By Lewis Carroll; edited by Martin Gardner

The Annotated AliceA beautifully compiled book, The Annotated Alice features both Alice's Adventures in Wonderland and Through The Looking-Glass and What Alice Found There, as well as the original illustrations, several introductions, essays, an excised chapter, and hundreds of annotations. It's wonderfully comprehensive.

The editor has a clear goal: to present Carroll's books in their original context, so contemporary readers can appreciate them as much as they were when first published. It's a sad fact, but today few young children, Alice's primary audience, can comprehend Carroll's rich sense of humor or incredible in-jokes and allusions. This book aims to change that, letting readers appreciate the 19th-century, upper-class British society that Alice called home.

It makes a big difference with many common questions. What is a dormouse? (A British squirrel - now endangered.) A chimneypiece? (We call it the mantel.) What does catching a crab mean? (It's a rowing error - the oar sticks in the ground, then pops out and hits the rower.) Why is a raven like a writing-desk? Beyond these, another of the major tasks of the annotator is including all of the several dozen original songs and poems that Carroll satirizes in the books - references that would have been as clear to Victorian children as Weird Al spoofing Puff Daddy today. Two of my favorite parts of the book are the play-by-play annotations describing Looking-Glass's chess moves, and Sir John Tenniel's artwork - reproduced faithfully and clearly, and including several original sketches.

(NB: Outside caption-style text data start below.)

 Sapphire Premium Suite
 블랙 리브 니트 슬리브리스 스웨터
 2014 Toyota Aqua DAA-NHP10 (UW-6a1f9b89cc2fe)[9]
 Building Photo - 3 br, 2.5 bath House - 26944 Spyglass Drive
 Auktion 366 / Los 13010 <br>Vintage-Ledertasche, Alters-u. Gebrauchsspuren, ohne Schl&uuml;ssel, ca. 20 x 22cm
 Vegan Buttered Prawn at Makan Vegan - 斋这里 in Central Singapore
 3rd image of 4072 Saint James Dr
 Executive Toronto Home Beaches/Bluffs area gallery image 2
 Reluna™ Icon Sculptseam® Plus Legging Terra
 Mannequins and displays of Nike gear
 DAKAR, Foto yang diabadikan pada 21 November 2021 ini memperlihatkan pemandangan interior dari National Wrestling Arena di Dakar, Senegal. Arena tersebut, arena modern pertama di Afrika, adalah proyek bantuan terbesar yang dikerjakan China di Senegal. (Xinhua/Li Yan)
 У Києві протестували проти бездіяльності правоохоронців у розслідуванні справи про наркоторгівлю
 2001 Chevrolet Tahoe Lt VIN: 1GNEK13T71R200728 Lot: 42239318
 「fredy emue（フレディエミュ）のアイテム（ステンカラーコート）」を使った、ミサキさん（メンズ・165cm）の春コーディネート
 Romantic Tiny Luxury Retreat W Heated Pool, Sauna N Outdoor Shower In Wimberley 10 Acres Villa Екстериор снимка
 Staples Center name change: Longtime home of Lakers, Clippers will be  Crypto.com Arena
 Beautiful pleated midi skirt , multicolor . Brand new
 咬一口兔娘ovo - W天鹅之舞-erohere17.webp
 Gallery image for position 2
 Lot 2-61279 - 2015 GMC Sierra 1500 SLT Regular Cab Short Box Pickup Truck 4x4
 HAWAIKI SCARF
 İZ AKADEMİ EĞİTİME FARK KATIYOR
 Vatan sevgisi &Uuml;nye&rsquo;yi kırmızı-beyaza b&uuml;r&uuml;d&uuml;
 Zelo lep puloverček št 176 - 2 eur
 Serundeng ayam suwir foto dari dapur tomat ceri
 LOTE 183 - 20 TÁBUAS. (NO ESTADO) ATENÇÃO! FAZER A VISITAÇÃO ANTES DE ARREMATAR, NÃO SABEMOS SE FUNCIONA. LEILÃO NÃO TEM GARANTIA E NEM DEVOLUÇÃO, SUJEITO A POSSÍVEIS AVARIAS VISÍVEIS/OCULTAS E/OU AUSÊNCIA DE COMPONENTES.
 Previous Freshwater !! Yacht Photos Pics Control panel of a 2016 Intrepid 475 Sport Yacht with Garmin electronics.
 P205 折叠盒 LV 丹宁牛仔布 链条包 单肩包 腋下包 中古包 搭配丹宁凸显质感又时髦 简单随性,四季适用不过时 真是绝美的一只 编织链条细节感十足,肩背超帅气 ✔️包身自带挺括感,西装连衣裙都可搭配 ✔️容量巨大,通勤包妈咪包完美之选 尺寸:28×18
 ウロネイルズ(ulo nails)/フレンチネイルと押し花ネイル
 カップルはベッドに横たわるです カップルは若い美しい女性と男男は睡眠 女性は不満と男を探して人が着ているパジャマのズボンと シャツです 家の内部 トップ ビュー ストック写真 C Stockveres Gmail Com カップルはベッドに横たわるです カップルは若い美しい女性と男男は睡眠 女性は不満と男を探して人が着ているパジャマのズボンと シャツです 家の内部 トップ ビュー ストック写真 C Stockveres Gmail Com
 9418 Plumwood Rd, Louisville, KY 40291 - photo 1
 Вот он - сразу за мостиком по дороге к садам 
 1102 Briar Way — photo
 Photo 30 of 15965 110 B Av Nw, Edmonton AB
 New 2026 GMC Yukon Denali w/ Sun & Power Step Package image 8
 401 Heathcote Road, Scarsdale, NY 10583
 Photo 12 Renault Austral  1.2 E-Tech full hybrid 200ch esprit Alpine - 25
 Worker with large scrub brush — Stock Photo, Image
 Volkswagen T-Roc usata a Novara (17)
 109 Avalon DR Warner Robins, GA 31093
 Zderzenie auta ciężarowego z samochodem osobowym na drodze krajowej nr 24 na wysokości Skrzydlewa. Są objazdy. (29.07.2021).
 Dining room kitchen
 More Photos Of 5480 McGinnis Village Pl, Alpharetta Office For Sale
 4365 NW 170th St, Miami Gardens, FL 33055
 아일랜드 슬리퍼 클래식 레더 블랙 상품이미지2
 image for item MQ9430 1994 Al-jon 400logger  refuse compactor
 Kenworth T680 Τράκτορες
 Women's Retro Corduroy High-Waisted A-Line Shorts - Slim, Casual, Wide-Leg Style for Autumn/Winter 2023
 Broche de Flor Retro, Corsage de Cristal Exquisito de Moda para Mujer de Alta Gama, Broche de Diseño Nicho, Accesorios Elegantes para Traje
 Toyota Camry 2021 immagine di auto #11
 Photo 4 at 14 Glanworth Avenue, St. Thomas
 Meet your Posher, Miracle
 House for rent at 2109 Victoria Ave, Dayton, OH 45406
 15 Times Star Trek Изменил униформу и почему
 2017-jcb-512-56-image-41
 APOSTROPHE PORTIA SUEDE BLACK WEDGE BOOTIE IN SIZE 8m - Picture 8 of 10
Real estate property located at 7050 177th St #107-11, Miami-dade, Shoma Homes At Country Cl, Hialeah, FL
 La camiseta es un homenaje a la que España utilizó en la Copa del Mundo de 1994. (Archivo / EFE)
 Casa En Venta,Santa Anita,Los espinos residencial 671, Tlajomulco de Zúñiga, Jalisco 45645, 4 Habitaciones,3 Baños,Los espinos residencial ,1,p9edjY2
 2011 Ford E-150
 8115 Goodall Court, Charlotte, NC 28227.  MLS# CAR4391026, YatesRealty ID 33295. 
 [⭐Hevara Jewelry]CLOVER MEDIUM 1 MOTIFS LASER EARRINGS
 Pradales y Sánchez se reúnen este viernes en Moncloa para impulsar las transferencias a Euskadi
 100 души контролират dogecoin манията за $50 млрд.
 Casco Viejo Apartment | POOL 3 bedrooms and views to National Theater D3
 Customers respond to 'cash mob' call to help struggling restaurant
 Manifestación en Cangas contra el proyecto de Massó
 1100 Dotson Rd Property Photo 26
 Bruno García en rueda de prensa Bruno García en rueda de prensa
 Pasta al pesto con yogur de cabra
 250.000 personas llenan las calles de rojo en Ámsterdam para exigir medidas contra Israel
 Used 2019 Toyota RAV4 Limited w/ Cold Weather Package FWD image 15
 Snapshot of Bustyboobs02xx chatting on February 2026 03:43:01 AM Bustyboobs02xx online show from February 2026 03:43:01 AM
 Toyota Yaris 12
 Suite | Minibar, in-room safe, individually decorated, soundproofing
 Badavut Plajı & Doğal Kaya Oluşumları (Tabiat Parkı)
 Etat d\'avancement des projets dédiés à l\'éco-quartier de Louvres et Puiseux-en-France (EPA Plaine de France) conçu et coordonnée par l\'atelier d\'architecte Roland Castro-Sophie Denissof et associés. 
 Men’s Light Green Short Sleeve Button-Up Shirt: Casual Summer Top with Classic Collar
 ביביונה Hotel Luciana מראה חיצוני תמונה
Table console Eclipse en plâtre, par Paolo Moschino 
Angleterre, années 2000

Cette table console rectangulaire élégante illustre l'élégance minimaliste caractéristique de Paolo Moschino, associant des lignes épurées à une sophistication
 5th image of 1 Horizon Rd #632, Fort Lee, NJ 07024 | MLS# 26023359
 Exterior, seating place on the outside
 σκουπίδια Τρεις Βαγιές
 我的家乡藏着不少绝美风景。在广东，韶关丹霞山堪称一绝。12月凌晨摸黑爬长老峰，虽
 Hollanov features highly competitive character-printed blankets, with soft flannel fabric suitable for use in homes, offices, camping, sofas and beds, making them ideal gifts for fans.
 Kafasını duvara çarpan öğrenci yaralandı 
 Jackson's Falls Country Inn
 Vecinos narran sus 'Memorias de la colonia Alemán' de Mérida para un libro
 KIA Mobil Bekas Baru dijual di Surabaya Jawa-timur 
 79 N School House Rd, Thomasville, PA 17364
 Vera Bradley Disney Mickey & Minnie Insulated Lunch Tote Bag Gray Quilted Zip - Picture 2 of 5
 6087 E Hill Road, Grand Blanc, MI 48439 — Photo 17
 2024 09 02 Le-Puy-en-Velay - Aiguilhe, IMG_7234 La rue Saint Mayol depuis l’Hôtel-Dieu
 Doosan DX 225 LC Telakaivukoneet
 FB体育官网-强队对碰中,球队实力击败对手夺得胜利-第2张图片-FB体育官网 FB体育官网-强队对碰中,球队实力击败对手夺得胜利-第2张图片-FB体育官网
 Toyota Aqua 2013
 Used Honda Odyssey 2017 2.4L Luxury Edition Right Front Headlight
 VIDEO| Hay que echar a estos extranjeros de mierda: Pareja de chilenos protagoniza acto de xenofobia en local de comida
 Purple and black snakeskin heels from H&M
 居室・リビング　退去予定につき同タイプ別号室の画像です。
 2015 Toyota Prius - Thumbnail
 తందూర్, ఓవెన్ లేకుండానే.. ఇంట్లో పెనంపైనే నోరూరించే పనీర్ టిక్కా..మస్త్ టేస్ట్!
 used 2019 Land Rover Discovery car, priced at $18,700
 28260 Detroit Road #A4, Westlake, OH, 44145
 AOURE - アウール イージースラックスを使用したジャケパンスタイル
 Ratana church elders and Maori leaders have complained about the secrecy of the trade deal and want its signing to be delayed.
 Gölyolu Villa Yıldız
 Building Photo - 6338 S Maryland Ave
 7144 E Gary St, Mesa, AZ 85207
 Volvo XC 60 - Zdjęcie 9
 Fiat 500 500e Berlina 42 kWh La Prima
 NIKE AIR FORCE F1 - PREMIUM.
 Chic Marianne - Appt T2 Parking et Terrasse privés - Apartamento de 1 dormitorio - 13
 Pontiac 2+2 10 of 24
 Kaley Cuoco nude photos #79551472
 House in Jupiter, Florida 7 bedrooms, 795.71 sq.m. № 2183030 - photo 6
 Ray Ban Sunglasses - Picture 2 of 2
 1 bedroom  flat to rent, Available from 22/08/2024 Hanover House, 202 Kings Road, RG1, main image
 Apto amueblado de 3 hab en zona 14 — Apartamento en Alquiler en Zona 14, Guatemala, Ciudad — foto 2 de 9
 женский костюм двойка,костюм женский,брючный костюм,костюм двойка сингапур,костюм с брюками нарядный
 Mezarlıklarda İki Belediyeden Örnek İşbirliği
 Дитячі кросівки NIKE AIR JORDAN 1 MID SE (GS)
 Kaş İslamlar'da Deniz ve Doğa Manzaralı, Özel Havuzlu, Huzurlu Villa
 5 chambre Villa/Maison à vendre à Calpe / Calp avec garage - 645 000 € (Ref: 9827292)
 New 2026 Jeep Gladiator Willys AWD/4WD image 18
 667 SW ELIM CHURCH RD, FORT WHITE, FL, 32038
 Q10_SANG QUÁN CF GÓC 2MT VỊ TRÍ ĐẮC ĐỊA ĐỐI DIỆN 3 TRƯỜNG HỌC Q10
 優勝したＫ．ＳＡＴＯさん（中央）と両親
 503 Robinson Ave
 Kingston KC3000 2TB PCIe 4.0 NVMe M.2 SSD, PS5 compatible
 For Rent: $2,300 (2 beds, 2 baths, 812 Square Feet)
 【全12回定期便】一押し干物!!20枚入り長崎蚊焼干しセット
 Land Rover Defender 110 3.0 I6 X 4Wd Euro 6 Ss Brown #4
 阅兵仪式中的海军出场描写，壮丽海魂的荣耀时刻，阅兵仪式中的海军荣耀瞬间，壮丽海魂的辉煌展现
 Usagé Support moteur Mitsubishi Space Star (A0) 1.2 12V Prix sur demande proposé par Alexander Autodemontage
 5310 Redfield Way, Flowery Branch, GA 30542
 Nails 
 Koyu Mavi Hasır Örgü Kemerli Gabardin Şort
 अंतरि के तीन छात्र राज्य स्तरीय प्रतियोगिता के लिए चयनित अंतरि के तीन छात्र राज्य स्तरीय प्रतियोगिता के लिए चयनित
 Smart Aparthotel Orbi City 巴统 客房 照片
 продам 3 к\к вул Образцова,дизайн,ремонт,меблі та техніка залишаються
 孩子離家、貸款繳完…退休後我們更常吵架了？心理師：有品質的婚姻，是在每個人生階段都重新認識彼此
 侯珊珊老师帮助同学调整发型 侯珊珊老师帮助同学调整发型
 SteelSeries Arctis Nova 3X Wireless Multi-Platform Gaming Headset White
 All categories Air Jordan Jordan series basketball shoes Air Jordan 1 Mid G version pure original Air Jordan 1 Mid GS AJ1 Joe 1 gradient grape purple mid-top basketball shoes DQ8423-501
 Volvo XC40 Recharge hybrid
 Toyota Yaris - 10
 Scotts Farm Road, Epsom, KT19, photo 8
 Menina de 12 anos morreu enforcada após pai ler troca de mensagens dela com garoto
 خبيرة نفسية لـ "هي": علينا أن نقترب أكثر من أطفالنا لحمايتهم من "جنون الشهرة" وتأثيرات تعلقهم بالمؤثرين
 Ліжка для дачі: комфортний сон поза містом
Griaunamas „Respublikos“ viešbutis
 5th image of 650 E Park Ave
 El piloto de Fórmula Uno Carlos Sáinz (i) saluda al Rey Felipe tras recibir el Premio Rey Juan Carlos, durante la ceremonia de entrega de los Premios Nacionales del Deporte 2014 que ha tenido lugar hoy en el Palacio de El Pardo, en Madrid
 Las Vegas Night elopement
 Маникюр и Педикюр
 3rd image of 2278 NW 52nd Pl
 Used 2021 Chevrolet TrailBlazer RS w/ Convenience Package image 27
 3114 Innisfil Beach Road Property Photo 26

This task of clarification is an admirable goal. However, the editor understandably eliminates a lot of conjecture into the psychological undertones or thematic implications of the Alice stories, other than the most obvious concepts. This is unfortunate for adult readers looking for insight into Dodgson's life (and, of course into his - by modern standards decidedly scandalous - relationship with a beautiful girl twenty years his younger), or into the psychological issues that reveal themselves through the books. But these issues have been analyzed so thoroughly elsewhere that they could not possibly be included in any brief way. Thankfully, the book includes a detailed bibliography of both biographies of Dodgson and analyses of his books.